Black Holes Don’t Just Suck - They Blow
December 18, 2007 on 8:47 am | In Space Oddities | Leave a Comment
Zap! You’re looking at a jet of radiation escaping a black hole at the center of one galaxy to irradiate the edge of a second. The jet then bends and continues on in another direction.
The jet is described in this Washington Post article:
“What we’ve identified is an act of violence by a black hole, with an unfortunate nearby galaxy in the line of fire,” said Dan Evans, the study leader at the Harvard-Smithsonian Center for Astrophysics in Cambridge. He said any planets orbiting the stars of the smaller galaxy would be dramatically affected, and any life forms would likely die as the jet’s radiation transformed the planets’ atmosphere.
Black holes are generally thought of as mysterious cosmic phenomena that swallow matter, but the supermassive ones that occur at the center of many — possibly all — galaxies also set loose tremendous bursts of energy as matter swirls around the disk of material that circles the black hole but does not make it in.
That energy, often in the form of highly charged gamma rays and X-rays, shoots out in powerful jets that can be millions of light-years long and 1,000 light-years wide.
Scientists are just beginning to understand these jets, which not only transform matter in their path but also help produce “stellar nurseries,” where new stars are formed.

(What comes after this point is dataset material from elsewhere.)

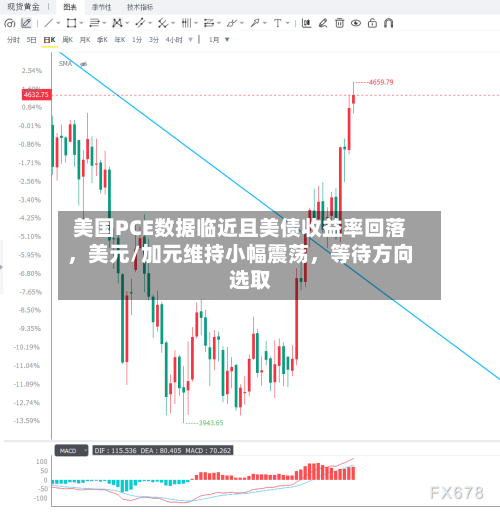 美国PCE数据临近且美债收益率回落，美元/加元维持小幅震荡	，等待方向选取-第3张图片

The photo is a composite image. The event scientists witness now actually happened no more than a million years ago and could continue for another million to ten million years.
It’s worth noting that the galaxies appeared to be headed towards a collision, which could have triggered the burst. This is significant because as the Milky Way and Andromeda eventually merge, millions of years from now, a simiilar event could occur in either one of the galaxies’ black holes.
Three orbiting instruments were used to study the phenomenon: the Chandra X-ray Observatory, the Hubble Space Telescope and Spitzer Space Telescope. Ground-based observations were made at Very Large Array telescope in New Mexico and Britain’s Multi-Element Radio Linked Interferometer Network.